Abstract. Empirical evidence demonstrates that lakes and reservoirs are warming across
the globe. Consequently, there is an increased need to project future
changes in lake thermal structure and resulting changes in lake
biogeochemistry in order to plan for the likely impacts. Previous studies of
the impacts of climate change on lakes have often relied on a single model
forced with limited scenario-driven projections of future climate for a
relatively small number of lakes.
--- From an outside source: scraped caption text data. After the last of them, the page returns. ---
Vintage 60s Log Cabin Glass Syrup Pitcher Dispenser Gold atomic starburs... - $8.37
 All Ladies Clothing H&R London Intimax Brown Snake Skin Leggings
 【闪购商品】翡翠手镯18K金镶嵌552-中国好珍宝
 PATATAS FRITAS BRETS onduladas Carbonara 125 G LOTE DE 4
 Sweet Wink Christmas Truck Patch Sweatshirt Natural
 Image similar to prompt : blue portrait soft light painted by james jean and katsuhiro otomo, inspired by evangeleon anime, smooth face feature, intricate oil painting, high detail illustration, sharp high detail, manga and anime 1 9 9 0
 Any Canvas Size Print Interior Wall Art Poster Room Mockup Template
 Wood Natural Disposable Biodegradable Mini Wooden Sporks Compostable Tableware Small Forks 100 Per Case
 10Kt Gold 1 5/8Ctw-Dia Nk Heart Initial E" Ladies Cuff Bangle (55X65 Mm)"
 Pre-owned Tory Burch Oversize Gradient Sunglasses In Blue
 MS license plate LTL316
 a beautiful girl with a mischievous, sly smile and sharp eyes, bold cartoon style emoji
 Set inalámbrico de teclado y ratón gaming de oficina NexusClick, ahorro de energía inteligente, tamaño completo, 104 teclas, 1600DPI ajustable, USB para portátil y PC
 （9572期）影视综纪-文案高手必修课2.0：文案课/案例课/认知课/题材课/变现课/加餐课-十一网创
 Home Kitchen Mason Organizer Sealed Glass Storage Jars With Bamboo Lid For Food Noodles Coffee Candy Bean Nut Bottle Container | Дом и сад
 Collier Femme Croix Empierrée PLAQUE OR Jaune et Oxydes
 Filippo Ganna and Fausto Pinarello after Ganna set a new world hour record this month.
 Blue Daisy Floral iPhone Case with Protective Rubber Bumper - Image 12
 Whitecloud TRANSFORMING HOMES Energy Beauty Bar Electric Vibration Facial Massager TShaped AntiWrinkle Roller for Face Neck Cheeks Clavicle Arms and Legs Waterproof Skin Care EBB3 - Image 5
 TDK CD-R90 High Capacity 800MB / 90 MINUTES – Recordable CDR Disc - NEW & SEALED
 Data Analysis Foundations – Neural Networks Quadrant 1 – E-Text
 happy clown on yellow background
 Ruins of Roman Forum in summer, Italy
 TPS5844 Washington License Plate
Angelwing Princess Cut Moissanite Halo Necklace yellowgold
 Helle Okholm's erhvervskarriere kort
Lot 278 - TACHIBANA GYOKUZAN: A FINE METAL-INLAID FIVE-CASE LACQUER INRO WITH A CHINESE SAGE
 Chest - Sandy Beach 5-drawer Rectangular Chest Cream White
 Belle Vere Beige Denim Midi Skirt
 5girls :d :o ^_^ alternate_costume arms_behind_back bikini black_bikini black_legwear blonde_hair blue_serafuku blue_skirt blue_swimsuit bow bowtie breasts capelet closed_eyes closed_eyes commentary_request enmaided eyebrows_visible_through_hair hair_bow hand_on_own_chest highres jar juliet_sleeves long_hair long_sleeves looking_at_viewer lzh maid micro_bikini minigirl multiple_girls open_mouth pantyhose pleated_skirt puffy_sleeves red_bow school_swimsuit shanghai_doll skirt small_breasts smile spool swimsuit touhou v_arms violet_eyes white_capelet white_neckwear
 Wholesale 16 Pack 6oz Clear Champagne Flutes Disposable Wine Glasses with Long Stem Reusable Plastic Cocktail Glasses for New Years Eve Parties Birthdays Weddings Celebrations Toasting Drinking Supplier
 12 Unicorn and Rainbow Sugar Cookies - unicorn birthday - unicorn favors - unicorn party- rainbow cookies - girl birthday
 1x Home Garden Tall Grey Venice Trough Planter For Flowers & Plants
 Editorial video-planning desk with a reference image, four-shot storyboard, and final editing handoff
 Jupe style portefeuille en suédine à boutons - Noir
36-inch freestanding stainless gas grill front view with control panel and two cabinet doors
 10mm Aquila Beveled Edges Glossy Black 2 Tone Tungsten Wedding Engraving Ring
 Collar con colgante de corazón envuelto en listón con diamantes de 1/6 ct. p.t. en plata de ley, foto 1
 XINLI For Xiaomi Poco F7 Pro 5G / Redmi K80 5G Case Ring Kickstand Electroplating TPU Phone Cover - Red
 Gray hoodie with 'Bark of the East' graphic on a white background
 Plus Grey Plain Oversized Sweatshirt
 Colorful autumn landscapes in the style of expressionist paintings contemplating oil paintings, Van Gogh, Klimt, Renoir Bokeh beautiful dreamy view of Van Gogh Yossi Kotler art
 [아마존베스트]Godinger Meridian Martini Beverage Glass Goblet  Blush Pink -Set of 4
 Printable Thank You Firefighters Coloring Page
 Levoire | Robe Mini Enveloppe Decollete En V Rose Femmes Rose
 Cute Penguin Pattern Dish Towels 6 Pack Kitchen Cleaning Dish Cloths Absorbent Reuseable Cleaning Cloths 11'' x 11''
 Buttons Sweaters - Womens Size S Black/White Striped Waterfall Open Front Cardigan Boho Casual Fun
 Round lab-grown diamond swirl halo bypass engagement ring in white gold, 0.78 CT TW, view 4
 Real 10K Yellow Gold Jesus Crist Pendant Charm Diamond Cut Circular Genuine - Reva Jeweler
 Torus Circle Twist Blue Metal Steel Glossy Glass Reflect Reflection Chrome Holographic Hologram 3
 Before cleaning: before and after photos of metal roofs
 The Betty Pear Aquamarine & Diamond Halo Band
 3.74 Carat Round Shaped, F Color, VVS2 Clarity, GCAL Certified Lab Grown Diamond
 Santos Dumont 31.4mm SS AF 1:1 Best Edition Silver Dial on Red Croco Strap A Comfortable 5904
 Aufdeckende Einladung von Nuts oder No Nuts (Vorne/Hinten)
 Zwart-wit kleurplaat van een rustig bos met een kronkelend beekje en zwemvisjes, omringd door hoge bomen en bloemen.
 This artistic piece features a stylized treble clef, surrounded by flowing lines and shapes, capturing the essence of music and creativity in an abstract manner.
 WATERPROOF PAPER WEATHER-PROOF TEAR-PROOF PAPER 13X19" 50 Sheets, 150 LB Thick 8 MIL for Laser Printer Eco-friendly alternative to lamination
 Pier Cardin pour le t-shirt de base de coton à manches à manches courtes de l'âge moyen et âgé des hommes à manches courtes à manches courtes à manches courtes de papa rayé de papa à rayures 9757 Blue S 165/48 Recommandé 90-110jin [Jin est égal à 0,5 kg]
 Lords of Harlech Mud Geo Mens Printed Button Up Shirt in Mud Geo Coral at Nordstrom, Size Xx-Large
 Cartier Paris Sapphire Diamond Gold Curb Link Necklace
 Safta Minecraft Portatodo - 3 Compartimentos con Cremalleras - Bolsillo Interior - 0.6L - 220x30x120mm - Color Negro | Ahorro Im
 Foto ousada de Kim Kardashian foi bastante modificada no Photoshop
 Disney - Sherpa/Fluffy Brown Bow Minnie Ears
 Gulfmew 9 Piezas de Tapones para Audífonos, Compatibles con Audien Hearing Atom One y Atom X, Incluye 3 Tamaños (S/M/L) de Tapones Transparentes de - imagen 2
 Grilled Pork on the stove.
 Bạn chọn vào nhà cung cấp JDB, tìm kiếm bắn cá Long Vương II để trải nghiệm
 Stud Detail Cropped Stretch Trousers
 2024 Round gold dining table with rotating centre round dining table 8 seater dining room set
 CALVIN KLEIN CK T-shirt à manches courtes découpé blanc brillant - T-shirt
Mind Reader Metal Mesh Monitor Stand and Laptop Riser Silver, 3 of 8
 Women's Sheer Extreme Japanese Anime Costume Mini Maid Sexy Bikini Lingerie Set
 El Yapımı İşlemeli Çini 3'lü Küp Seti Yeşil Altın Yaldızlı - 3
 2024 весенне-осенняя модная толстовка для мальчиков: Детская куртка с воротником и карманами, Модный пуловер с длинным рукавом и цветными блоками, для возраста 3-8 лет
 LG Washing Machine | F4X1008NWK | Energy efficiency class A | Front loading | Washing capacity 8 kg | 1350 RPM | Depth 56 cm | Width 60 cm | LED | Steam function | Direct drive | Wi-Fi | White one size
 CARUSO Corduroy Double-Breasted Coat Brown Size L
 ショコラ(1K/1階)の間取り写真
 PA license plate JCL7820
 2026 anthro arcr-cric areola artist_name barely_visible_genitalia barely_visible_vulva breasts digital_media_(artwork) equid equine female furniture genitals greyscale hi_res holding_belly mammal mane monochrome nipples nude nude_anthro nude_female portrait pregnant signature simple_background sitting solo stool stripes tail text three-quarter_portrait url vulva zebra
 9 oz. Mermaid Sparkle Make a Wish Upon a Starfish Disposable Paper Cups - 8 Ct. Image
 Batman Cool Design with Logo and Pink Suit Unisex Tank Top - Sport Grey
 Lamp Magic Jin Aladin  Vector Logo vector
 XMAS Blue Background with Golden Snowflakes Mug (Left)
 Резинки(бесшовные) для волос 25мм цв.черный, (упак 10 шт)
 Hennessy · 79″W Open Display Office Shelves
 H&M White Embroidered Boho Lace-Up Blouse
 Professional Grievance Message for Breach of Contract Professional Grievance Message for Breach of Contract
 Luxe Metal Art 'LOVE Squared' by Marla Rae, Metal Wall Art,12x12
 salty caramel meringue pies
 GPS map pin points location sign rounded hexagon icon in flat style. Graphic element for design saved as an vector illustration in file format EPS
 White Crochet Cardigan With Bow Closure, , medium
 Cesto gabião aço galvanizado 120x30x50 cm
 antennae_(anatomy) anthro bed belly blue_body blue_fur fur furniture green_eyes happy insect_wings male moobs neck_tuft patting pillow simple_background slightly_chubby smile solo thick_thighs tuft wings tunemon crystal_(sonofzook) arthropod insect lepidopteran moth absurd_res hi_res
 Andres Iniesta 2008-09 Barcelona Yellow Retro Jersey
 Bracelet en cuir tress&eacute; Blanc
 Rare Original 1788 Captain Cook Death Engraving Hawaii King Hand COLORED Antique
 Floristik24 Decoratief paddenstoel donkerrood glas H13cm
As a result, our understanding of the
effects of climate change on lakes is fragmentary, based on scattered
studies using different data sources and modelling protocols, and mainly
focused on individual lakes or lake regions. This has precluded
identification of the main impacts of climate change on lakes at global and
regional scales and has likely contributed to the lack of lake water quality
considerations in policy-relevant documents, such as the Assessment Reports
of the Intergovernmental Panel on Climate Change (IPCC). Here, we describe a
simulation protocol developed by the Lake Sector of the Inter-Sectoral
Impact Model Intercomparison Project (ISIMIP) for simulating climate change
impacts on lakes using an ensemble of lake models and climate change
scenarios for ISIMIP phases 2 and 3. The protocol prescribes lake
simulations driven by climate forcing from gridded observations and
different Earth system models under various representative greenhouse gas
concentration pathways (RCPs), all consistently bias-corrected on a
0.5∘ × 0.5∘ global grid. In ISIMIP phase 2, 11 lake
models were forced with these data to project the thermal structure of 62
well-studied lakes where data were available for calibration under
historical conditions, and using uncalibrated models for 17 500 lakes
defined for all global grid cells containing lakes. In ISIMIP phase 3, this
approach was expanded to consider more lakes, more models, and more
processes. The ISIMIP Lake Sector is the largest international effort to
project future water temperature, thermal structure, and ice phenology of
lakes at local and global scales and paves the way for future simulations of
the impacts of climate change on water quality and biogeochemistry in lakes.